Matéria que saiu na The Economist (revista inglesa superconceituada) essa semana:

Mar 5th 2009

From The Economist print edition

Link para página original

Failed states and failed policies

How to stop the drug wars

gallery_45547_2475_10520.jpg

Prohibition has failed; legalisation is the least bad solution

A HUNDRED years ago a group of foreign diplomats gathered in Shanghai for the first-ever international effort to ban trade in a narcotic drug. On February 26th 1909 they agreed to set up the International Opium Commission—just a few decades after Britain had fought a war with China to assert its right to peddle the stuff. Many other bans of mood-altering drugs have followed. In 1998 the UN General Assembly committed member countries to achieving a “drug-free world” and to “eliminating or significantly reducing” the production of opium, cocaine and cannabis by 2008.

That is the kind of promise politicians love to make. It assuages the sense of moral panic that has been the handmaiden of prohibition for a century. It is intended to reassure the parents of teenagers across the world. Yet it is a hugely irresponsible promise, because it cannot be fulfilled.

Next week ministers from around the world gather in Vienna to set international drug policy for the next decade. Like first-world-war generals, many will claim that all that is needed is more of the same. In fact the war on drugs has been a disaster, creating failed states in the developing world even as addiction has flourished in the rich world. By any sensible measure, this 100-year struggle has been illiberal, murderous and pointless. That is why The Economist continues to believe that the least bad policy is to legalise drugs. “Least bad” does not mean good.
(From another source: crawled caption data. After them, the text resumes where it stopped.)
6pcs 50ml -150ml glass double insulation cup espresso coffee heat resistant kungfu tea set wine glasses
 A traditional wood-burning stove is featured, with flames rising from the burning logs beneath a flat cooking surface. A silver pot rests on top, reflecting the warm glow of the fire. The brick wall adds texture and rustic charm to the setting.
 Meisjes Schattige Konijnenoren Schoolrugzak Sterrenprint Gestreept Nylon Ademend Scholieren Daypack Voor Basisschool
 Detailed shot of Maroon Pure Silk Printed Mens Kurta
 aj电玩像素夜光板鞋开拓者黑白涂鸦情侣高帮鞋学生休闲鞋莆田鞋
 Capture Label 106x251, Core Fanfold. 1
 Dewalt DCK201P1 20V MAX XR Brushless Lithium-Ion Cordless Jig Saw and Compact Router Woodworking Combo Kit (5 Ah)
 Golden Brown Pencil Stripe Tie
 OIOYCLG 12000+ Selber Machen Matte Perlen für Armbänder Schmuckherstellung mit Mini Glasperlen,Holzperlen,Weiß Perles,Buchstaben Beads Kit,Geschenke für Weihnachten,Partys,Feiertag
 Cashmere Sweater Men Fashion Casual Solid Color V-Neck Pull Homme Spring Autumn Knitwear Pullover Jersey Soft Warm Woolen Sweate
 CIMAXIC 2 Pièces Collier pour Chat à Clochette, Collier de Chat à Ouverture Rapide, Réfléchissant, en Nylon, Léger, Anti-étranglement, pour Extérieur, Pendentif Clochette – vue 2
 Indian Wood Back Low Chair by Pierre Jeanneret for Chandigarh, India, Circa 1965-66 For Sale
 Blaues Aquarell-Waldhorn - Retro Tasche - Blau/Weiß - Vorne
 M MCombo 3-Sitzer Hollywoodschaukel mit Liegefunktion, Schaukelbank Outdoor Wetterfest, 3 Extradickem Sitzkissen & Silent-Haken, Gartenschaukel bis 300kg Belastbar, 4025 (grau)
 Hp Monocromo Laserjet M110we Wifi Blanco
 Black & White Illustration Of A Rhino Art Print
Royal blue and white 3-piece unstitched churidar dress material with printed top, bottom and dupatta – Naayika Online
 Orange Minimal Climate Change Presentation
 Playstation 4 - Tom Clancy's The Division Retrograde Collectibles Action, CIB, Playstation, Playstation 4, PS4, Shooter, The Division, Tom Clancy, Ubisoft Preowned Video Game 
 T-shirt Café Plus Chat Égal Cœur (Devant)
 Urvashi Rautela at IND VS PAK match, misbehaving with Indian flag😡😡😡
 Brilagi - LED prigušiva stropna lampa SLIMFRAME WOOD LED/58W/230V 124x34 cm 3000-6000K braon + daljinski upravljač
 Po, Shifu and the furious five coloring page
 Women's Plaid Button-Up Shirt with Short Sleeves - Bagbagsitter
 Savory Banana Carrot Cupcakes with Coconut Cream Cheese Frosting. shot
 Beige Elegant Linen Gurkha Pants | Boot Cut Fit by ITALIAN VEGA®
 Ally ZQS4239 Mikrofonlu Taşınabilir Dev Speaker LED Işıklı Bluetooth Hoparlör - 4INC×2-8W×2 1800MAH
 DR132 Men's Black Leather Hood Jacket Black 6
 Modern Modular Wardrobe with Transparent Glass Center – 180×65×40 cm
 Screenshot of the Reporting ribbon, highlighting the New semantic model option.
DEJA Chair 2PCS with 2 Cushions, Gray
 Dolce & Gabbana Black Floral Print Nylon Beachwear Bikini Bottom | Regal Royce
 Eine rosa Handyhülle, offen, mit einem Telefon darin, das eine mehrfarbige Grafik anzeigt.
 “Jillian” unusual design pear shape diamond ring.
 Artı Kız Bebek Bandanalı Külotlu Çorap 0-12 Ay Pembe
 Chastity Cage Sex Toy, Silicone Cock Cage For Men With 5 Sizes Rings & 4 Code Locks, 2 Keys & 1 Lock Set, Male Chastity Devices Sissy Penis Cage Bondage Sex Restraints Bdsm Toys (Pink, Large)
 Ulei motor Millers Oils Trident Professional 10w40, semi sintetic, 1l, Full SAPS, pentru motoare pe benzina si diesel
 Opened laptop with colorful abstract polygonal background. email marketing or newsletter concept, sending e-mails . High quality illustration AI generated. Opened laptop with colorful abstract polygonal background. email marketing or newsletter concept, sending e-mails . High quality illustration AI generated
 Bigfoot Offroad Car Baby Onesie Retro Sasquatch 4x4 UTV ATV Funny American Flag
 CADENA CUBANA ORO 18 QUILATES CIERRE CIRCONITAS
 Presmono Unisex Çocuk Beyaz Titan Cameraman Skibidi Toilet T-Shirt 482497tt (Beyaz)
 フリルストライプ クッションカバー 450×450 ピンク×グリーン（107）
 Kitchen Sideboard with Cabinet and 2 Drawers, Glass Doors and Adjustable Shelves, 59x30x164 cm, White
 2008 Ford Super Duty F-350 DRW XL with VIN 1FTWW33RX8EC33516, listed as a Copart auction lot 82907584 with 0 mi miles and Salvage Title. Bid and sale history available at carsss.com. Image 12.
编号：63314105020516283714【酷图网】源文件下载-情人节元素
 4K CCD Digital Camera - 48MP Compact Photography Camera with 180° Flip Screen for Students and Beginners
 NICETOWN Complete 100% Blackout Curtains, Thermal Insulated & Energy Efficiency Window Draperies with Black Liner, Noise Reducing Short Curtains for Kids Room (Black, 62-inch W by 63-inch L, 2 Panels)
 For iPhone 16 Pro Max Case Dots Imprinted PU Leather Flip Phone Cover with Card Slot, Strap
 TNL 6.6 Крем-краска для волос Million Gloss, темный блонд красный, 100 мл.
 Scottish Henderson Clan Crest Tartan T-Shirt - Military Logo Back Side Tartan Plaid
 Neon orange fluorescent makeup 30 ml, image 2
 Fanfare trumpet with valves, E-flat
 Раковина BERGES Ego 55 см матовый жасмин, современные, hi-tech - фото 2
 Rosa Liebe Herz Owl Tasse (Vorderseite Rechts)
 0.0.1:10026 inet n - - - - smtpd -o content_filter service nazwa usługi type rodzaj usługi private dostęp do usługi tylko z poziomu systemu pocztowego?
Legalisation, though clearly better for producer countries, would bring (different) risks to consumer countries. As we outline below, many vulnerable drug-takers would suffer. But in our view, more would gain.

The evidence of failure

Nowadays the UN Office on Drugs and Crime no longer talks about a drug-free world. Its boast is that the drug market has “stabilised”, meaning that more than 200m people, or almost 5% of the world’s adult population, still take illegal drugs—roughly the same proportion as a decade ago. (Like most purported drug facts, this one is just an educated guess: evidential rigour is another casualty of illegality.) The production of cocaine and opium is probably about the same as it was a decade ago; that of cannabis is higher. Consumption of cocaine has declined gradually in the United States from its peak in the early 1980s, but the path is uneven (it remains higher than in the mid-1990s), and it is rising in many places, including Europe.

This is not for want of effort. The United States alone spends some $40 billion each year on trying to eliminate the supply of drugs. It arrests 1.5m of its citizens each year for drug offences, locking up half a million of them; tougher drug laws are the main reason why one in five black American men spend some time behind bars. In the developing world blood is being shed at an astonishing rate. In Mexico more than 800 policemen and soldiers have been killed since December 2006 (and the annual overall death toll is running at over 6,000). This week yet another leader of a troubled drug-ridden country—Guinea Bissau—was assassinated.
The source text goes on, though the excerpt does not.